Daxton looked to Nyssa, and something flickered in his eyes as he noticed the silver band on her left hand. His smile was a whisper on the winds, but it was all I needed to interpret his approval on the matter.
“Because what’s coming next won’t wait for us to deliberate,” he said. “And because there’s a twist in the weave of fate that not even Castor could have foreseen.”
My pulse spiked. “Meaning what?”
“Meaning,” Daxton said, his voice dropping lower, “that the balance has shifted.
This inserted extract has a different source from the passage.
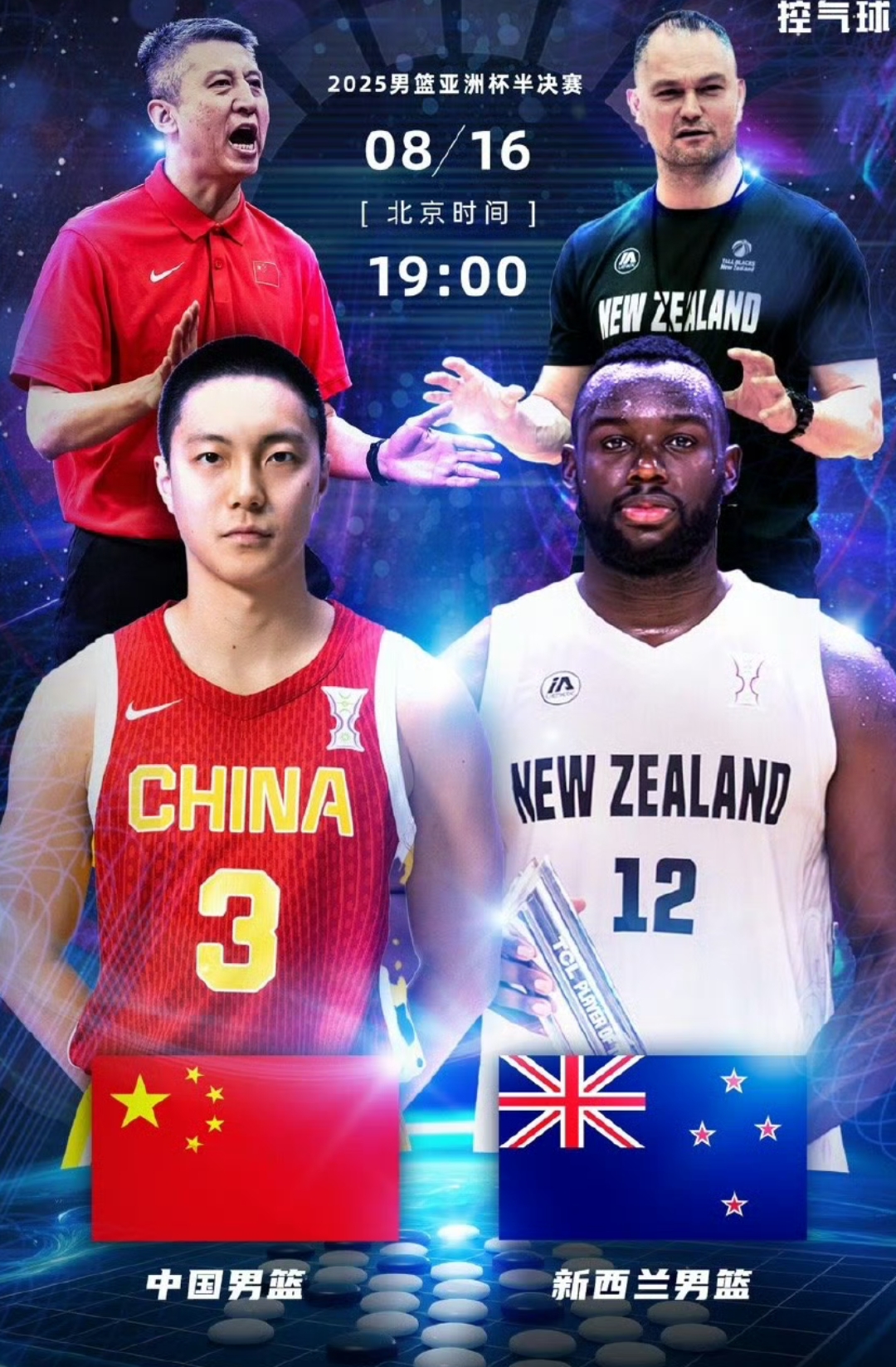 中国男篮将战澳大利亚中国男篮渴望时隔十年再度夺冠的简单介绍 第1张 中国男篮将战澳大利亚中国男篮渴望时隔十年再度夺冠的简单介绍 第1张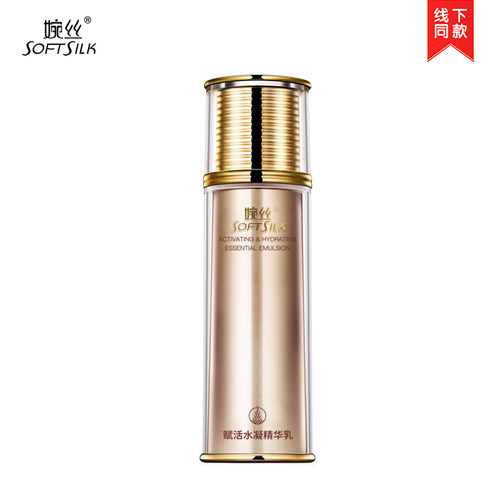 婉丝黄金系列赋活水凝精华乳100g亮肤清爽保湿补水乳液正品 - 图3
We’ve been given an advantage. One the enemy doesn’t yet realize we hold.”
He paused then, as if choosing whether to tell me the rest.
“Daxton,” I warned. “Don’t start with half-truths. What happened? Gods, you have me yearning for Skylar to recount this tale. She wouldn’t be so cryptic.”
His expression hardened. “You’ll understand when we reach Aelius. That’s where Skylar is now.”
I frowned. “Why Aelius? I thought you said the armies are in Crimson City?”
“After I bring Talon to the healers in Crimson City, I’m returning to Aelius,” Daxton stated firmly. “And you, brother, are coming with me. Nyssa, too, if she’ll lend her eyes.” He looked at her then, and there was no mistaking the respect in his tone. “What we’ve found… It changes things.”
Nyssa’s fingers moved swiftly, tension threading through each sign, “What did you and Skylar find?”
Daxton’s eyes darkened. “Not what,” he said, “who.”
And just like that, the ground beneath me shifted.
Oh, gods, what fate did the Mother and Father orchestrate for us this time?